This year is turning out to be a good year for submarine cable providers, with demand greater than anticipated and bandwidth prices stabilizing and even rising on some routes, according to Bill Barney, president and CEO of Asia Netcom.
'We're finally getting a match between supply and demand,' he said at a media and analyst briefing yesterday, one of the first since the announcement earlier this month that China Netcom was selling the company to a British-US investment consortium.
Barney believes that demand for undersea cable capacity will continue to grow, fuelled by more sophisticated applications such as IPTV and greater activity in key markets such as China, India and Japan. 'We are confident that this is the upturn the industry has been waiting for,' he said.
Chris van Zinnicq Bergmann, Asia Netcom managing director for Southeast Asia and India, noted that carriers were also looking to lease much larger links than in the past, with some now looking to STM-16s (2.488 Gbps). He said that on some routes demand was up 40% to 50% in the first half of this year.
This is consistent with a report in April this year from Telegeography that the global bandwidth market is showing signs of improved health.
The growing demand is also leading to capacity upgrades.
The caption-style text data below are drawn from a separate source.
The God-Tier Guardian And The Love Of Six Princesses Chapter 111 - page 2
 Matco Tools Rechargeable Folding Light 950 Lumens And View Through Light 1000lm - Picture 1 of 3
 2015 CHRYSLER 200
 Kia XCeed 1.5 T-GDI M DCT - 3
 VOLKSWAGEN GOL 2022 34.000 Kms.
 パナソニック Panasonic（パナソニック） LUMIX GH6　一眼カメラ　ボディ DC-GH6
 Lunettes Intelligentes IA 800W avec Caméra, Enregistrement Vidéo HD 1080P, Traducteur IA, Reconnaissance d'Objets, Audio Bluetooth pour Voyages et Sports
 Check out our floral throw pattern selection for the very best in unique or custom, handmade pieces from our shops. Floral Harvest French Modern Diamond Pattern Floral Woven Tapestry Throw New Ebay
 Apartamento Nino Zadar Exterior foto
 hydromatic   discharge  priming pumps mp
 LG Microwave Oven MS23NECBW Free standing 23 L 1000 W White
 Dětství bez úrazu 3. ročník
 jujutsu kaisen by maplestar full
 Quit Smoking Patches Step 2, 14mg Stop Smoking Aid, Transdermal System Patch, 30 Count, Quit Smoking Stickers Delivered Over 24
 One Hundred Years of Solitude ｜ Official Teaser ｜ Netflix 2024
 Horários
Yesterday Asia Netcom announced that it has signed an agreement with NEC to double the capacity on the southern segment of its pan-Asian system, EAC. The upgrade on the EAC2 ring that spans Hong Kong, Singapore, the Philippines and Taiwan will raise its capacity to 160 Gbps.
It will be Asia Netcom's third incremental capacity upgrade this year, with earlier upgrades doubling capacity on the northern segment of the EAC system. 'It looks like it will be upgrade after upgrade,' Bergmann commented on the outlook for bandwidth.
Meanwhile a 350-km extension to a landing station in Qingdao, China will be connected on Tuesday and in service by September, according to Barney.
The new link will provide extra capacity between China, North Asia and the US and will connect directly to China Netcom's national fiber backbone. According to Asia Netcomm, the new link will provide 20% to 40% better performance between cities in northern China and the US and other Asian markets compared to its existing route through Hong Kong.